Le service « Google Street View », qui offre aux internautes une vue panoramique des rues à 360°, avait déjà provoqué une intervention de la CNIL par le passé. Elle avait exigé (i) le floutage des visages et plaques d’immatriculation sur les photos, (ii) la limitation de la durée de conservation des originaux des photos, et (iii) la création d’une rubrique « signaler un problème » permettant à quiconque d’exercer son droit à l’anonymat. D’autres pays Européens comme la Belgique et l’Allemagne se sont fait l’écho de préoccupations similaires.

La décision de la CNIL en date du 17 mars 2011 porte cette fois sur les données collectées pour la mise en œuvre du service « Google Latitude », qui permet la géo-localisation d’utilisateurs ayant à la fois un compte Google et un « smartphone ».

Afin de mettre en place ce service, la société a eu recours aux véhicules utilisés pour le service « Google Street View », les « Google Cars », dotés de caméras à 360° et de capteurs, pour collecter différents types de données. Ces données sont non seulement des vues panoramiques des lieux parcourus, mais également des données techniques, associant les signaux radio (GSM et Wi-Fi) aux positions GPS des « Google Cars », et notamment les identifiants SSID (nom identifiant un réseau sans fil) et les adresses MAC (numéro unique identifiant une carte réseau) des points d’accès Wi-Fi. Aujourd’hui, la base est enrichie par la collecte des données captées et transmises par les mobiles des utilisateurs (c’est-à-dire les adresses MAC et SSID à proximité de ceux-ci).

A la lecture de la délibération, il apparaît que la CNIL a entamé, dès l’annonce du lancement du nouveau service en février 2009, un examen approfondi dans le cadre d’une longue procédure ponctuée d’épisodes, que l’on pourrait presque qualifier de rocambolesques. Cette procédure s’est matérialisée par des réunions, un échange nourri de correspondance et pas moins de sept contrôles sur place entre décembre 2009 et août 2010. Malgré cela, la CNIL a appris certaines informations par des communiqués de presse.

Cette procédure a abouti, le 26 mai 2010, à une mise en demeure, elle-même suivie, le 17 mars 2011, d’une décision de sanction.

1. Collecte massive et involontaire de données dites « de contenu »

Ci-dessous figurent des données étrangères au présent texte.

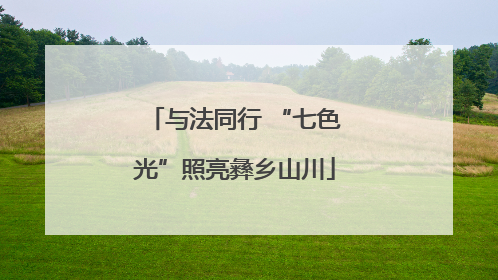 与法同行 “七色光”照亮彝乡山川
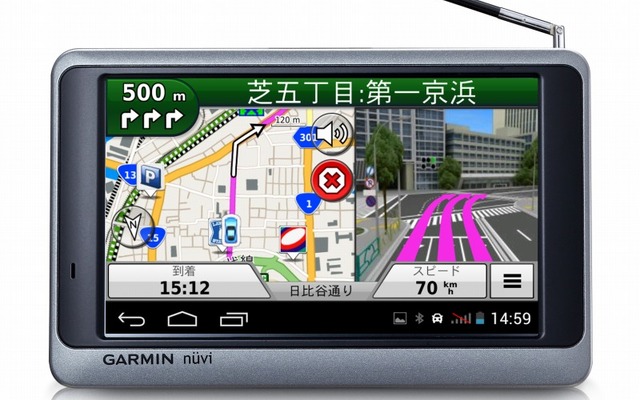 GARMIN・nuvi3595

Suite à une erreur de programmation du code source du logiciel de collecte, Google a effectué via les « Google cars » une collecte « massive » mais involontaire de données dites « de contenu » issues de bornes Wi-Fi (« payload data »). Ces données contenaient des informations sur les sites internet consultés par les personnes concernées, le contenu de messages échangés, ainsi que les identifiants et mots de passe permettant de se connecter à certains sites. Dans certains cas, elles révélaient même des informations sensibles sur l’orientation sexuelle ou la santé des personnes.

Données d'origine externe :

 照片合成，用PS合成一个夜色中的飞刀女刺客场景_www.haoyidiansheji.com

Cette situation, qui s’est produite dans un grand nombre de pays, a été rendue publique le 14 mai 2010 par Google dans un communiqué de presse, et corrigée depuis lors.

Au vue de la gravité des faits et du nombre de personnes concernées, la CNIL a notifié le 26 mai 2010 dans l’urgence une mise en demeure sur un certain nombre de points.

Bien que cette collecte ait été faite en violation de la loi Informatique et Libertés et porte atteinte à la vie privée, au secret des correspondances et à la liberté d’expression, elle n’a pas donnée lieu à sanction. En effet, la CNIL a estimé que le manquement avait cessé et que la collecte ne peut être qualifiée de déloyale ou illicite puisqu’elle n’avait pas été intentionnelle.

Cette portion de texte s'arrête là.